To get ahead in business, it often helps to be a planner, to be well-organized, to use strategic planning to consider your next move before you make it.
But according to a recent Harvard Business Review blog post by Leonard Schlesinger, Charles Kiefer, and Paul Brown, it can actually be dangerous to make career development plans. Basically, the authors are concerned that the standard job interview question “Where do you see yourself in five years?” and similar conversations actually encourages employees to think inside the box.
According to the article, “the question is awful. It assumes the world is going to remain constant between now and then. That is never a good idea.” Basically, engaging in such conversations is a dangerous habit, because our world is changing at such a rapid pace. Employees with the best career development plans are those employees who are flexible and resourceful, who can change course while still moving ahead.
In some fields that are more predictable, then long term strategic planning can be more straightforward, and employees may be able to rely on more standard career development guides that have stood the test of time. However, in many fields, rapid advances in technology and other major changes over short periods of time render traditional career planning unsustainable. As the article reminds us, “increasingly, the world is not this predictable.
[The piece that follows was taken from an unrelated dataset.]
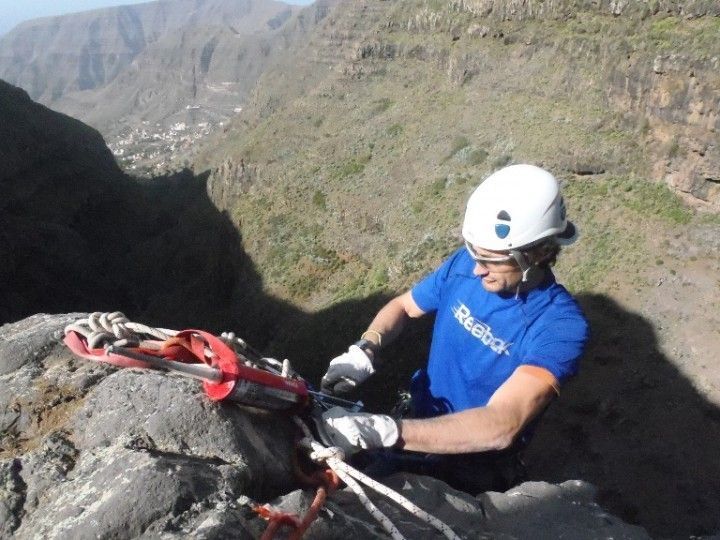 Valle Gran Rey aumenta su oferta de ocio con nuevas rutas de Barranquismo y Escalada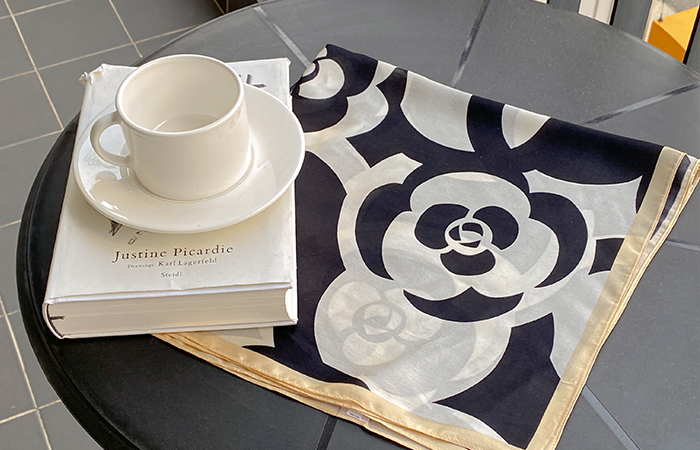 Modern Color Combination Flower Patterns Silk Scarf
And it is in settings of high uncertainty where traditional career planning is both a waste of time and potentially dangerous. A career plan can lead you into a false sense of confidence, where you fail to see opportunities as they arise and miss taking smart steps you otherwise hadn’t planned for.”
In essence, traditional career development planning leaves employees powerless to make the changes they need to make. Fortunately, there is an alternative suggested by Schlesinger, Kiefer, and Brown:
“Instead of formulating the logically perfect ending job and the optimal path to get there, begin with a direction, based on a real desire, and complement that with a strategy to discover and create opportunities consistent with that desire. In an uncertain world you can’t even come close to saying what a specific job might be, but you can say what’s valuable and important to you. Who are you? What matters to you? Is it working in a specific industry? Managing people or not? The answers will point you in productive directions.”
So get started today by thinking outside of the box and considering what matters most to you when you consider what your life might be like in five years.